Diante deste reino de telas a nos mediar as relações, o sagrado pode perder vitalidade. A piedade, dom Espírito, pode minguar. Ora com força, ora com menos vigor, é um risco que corremos. Contudo, a distância pode potencializar este processo.
Foi o que experimentei parte desta quarentena. Tantas vezes, na Santa Missa, diante da imagem de Jesus Eucarístico na tela do computador, remodelei o questionamento feito a mim naquele evento: “Mas não é Jesus; é só uma imagem..”. Não poucas vezes, a dúvida me visitou e a incredulidade foi minha companheira durante as missas.
É interessante pensar sobre estes pontos em nossa vida, nos quais a fé parece falhar. De fato, somos, a cada uma a sua maneira, gêmeos de Tomé (Jo 20, 24s): incrédulos, resistentes a tudo o não for apreendido pelos sentidos. Desejamos tocar, ver de perto.
Contudo, o mais belo é que o Ressuscitado que passou pela Cruz é delicado com os incrédulos, com os que permitem que a resistência seja maior que a fé, com os confusos. Ele sabe que a fé pode (re)nascer da dúvida, da interrogação.
Não foi bela a expressão de fé, de adesão de Tomé após o choque da Ressureição? A Virgem Maria também não indagou sobre como se dariam aquelas coisas antes de proclamar seu eterno fiat, seu sim definitivo?
Foi em meio a um oceano de dúvidas que a fé regressou. Na missa da Solenidade da Santíssima Trindade, mais uma vez, aquela pergunta veio a mente. “Não será só uma imagem?”, indaguei a mim mesmo. Dessa vez, obtive uma resposta. Ela não veio de minha parte, com argumentos ou elaborações de pensamentos. Veio Daquele que é a própria resposta para as nossas angústias.
Olhos fechados, cabeça levemente abaixada, mão no peito e uma voz no coração: “Sou o teu Deus. Antes de estar nas telas, estou dentro de ti”. Abri os olhos e vi a hóstia branca na tela.
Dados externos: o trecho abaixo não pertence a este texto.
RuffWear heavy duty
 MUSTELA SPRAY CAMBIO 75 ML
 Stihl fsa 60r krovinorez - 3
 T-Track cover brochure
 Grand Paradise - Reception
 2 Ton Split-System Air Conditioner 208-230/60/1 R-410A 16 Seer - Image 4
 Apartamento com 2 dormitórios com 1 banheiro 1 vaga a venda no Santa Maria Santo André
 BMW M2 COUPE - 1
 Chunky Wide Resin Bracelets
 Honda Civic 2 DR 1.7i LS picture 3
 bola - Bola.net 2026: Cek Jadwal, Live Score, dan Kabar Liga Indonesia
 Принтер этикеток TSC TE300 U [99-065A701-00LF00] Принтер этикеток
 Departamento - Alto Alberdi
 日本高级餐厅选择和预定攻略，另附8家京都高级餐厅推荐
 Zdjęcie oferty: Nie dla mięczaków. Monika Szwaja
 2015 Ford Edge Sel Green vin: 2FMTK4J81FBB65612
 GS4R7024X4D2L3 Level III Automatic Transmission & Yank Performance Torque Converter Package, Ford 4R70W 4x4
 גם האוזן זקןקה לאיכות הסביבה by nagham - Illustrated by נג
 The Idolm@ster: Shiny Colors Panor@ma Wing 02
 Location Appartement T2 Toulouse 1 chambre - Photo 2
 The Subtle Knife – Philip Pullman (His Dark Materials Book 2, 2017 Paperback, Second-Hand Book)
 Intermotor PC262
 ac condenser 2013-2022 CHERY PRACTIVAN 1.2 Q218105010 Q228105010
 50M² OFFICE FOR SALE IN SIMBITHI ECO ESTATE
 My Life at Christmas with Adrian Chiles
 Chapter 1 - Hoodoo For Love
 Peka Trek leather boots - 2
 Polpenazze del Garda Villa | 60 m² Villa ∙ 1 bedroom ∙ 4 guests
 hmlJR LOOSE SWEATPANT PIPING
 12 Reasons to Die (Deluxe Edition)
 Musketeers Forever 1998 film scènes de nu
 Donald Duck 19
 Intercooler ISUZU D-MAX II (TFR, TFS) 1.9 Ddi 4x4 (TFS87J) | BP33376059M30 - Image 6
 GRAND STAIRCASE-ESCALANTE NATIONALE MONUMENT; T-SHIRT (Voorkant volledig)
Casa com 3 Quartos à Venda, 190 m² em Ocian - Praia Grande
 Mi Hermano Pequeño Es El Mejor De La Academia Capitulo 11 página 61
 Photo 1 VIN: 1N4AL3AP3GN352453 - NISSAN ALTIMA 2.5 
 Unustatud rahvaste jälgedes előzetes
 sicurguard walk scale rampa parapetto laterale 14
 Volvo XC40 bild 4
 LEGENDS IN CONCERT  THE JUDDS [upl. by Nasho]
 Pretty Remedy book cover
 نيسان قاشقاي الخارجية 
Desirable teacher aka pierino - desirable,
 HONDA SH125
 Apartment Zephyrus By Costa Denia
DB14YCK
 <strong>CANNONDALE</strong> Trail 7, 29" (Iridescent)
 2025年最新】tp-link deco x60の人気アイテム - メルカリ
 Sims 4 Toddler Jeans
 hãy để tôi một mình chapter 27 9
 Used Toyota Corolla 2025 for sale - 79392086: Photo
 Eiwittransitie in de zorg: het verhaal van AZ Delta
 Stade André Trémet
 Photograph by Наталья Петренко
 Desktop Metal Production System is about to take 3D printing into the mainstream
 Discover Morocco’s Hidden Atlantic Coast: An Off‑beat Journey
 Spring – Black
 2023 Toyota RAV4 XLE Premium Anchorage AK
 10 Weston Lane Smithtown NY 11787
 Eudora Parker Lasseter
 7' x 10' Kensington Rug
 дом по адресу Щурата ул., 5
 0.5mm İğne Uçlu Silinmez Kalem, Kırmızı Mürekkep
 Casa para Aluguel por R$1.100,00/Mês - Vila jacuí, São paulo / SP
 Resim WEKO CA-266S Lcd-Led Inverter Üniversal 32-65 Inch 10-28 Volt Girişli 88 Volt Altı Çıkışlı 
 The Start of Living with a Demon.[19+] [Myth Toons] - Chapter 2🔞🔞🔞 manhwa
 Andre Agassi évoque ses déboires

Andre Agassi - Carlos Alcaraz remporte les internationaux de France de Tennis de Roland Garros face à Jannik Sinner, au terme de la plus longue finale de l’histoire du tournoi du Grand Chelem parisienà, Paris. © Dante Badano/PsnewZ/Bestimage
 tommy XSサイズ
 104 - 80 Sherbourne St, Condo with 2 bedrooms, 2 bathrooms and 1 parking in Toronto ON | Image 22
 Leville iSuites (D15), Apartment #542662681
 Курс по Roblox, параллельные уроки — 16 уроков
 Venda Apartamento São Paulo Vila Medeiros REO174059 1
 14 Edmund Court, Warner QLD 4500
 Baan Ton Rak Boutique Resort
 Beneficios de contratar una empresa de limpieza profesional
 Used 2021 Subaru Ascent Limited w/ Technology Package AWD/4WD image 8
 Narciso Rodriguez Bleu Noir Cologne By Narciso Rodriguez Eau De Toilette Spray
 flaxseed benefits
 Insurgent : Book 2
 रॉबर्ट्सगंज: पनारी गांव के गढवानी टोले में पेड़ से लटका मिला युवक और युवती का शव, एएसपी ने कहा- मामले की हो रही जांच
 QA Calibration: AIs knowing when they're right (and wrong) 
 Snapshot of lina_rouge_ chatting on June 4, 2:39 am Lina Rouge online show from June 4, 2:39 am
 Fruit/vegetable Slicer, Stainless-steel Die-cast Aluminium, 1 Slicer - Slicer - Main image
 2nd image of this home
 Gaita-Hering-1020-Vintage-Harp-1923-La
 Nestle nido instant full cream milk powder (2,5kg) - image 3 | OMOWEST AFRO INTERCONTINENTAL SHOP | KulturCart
Hesitei a continuar olhando e uma outra voz se fez ouvir. Dessa vez, por meio do padre que celebrava: “Sim, Deus está dentro de ti. Ele te habita”.
Era o toque nas chagas, no lado aberto que eu precisava para para revigorar os passos vacilantes da minha fé, para relembrar que é possível ter fé em meio às incertezas.
Talvez, não teria minha fé renovada na mistério da inabitação, da presença da Santíssima Trindade em minha alma se não fosse a desconfiança levantada. A certeza de que sou templo vivo do Espírito não seria reavivada, caso a dúvida sobre as telas não me visitasse tantas vezes.
O cardeal Tolentino Mendonça tem razão quando diz que quem duvida e procura é porque tem fé, posto que esta é uma busca contínua do rosto de Deus. Bendito seja Deus que, até em meio às nossas dúvidas, nos encontra, porque, antes de estar nas telas, está dentro de nós.